• [WHAT TO WORK ON]: Which lines in the data below contain the string "Parking"? Show each one.

(Records from a collection)
────────
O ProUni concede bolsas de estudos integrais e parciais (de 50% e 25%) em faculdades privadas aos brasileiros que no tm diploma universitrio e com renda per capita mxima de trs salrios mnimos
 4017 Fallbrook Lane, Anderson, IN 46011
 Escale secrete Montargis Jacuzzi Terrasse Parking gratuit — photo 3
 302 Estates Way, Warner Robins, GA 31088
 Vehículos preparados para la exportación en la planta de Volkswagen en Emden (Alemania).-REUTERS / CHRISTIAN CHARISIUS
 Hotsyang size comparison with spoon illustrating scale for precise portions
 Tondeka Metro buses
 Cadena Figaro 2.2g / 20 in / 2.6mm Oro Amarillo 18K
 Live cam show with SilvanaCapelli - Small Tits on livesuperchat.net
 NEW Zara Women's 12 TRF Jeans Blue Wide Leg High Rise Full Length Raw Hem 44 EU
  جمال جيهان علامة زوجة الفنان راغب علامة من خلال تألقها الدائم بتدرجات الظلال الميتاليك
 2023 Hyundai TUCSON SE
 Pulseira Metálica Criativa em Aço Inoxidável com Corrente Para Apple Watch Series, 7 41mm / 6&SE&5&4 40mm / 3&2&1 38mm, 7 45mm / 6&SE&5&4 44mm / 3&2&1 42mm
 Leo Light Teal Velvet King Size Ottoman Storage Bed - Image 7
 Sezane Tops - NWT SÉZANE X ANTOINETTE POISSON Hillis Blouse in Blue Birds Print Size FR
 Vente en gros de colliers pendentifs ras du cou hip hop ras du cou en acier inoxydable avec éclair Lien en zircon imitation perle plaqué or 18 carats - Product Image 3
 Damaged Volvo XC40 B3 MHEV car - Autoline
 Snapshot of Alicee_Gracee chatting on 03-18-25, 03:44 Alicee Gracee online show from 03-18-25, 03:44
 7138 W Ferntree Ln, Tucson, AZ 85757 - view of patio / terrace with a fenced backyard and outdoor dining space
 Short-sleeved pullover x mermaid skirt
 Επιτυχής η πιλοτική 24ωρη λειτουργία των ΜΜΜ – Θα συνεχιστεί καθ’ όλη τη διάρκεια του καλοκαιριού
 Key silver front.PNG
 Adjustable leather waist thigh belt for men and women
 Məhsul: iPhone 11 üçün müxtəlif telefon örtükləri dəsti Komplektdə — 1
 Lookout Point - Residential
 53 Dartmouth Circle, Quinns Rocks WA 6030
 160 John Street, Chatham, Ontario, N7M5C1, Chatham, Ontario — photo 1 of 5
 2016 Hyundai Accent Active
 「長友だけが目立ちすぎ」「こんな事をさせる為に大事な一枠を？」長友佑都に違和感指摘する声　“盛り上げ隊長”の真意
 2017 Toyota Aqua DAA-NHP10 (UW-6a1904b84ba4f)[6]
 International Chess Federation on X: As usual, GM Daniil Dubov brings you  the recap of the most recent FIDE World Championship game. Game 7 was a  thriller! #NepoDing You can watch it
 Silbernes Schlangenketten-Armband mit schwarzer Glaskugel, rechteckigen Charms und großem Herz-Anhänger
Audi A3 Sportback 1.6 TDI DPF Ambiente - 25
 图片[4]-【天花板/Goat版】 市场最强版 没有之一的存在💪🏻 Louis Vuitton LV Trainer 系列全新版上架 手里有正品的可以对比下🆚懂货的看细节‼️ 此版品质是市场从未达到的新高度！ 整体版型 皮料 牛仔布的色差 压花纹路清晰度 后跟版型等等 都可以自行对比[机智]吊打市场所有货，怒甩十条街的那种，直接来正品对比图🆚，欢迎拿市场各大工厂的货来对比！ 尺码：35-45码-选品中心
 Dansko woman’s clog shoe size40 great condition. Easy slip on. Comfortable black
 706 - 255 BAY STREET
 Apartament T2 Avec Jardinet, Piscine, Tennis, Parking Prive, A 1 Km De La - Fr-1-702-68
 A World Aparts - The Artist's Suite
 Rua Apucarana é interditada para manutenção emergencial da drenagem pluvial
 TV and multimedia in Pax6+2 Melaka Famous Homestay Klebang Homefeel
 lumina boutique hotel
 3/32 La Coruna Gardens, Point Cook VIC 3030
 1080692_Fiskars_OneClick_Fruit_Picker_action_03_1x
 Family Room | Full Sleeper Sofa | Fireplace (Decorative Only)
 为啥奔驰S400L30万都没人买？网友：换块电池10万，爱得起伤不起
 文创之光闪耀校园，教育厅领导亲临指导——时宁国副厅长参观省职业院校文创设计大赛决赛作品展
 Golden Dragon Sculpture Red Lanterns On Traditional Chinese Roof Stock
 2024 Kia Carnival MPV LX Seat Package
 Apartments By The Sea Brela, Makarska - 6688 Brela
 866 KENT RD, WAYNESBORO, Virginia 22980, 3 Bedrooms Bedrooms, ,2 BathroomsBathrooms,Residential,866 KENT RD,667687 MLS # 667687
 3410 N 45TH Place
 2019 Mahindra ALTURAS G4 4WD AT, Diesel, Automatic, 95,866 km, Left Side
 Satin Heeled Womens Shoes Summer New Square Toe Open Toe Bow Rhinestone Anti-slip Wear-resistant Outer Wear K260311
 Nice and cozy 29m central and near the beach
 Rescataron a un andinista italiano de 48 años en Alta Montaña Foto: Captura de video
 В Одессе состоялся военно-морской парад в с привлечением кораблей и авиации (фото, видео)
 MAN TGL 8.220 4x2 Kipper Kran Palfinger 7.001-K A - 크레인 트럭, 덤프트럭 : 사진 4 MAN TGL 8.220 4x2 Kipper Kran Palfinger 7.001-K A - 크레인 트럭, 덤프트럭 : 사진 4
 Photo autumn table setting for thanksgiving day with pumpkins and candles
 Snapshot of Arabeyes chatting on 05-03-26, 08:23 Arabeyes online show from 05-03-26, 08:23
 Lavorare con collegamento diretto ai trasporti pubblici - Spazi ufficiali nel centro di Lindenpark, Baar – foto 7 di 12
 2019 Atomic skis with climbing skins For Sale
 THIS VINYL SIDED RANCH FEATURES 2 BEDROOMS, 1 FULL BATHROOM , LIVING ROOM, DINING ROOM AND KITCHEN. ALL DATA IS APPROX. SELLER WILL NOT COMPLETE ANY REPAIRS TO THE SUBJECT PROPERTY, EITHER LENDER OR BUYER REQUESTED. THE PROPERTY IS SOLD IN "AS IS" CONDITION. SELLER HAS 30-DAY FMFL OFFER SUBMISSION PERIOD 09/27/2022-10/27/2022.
────────
• [ANSWER SPACE]:
 Escale secrete Montargis Jacuzzi Terrasse Parking gratuit — photo 3
 Apartament T2 Avec Jardinet, Piscine, Tennis, Parking Prive, A 1 Km De La - Fr-1-702-68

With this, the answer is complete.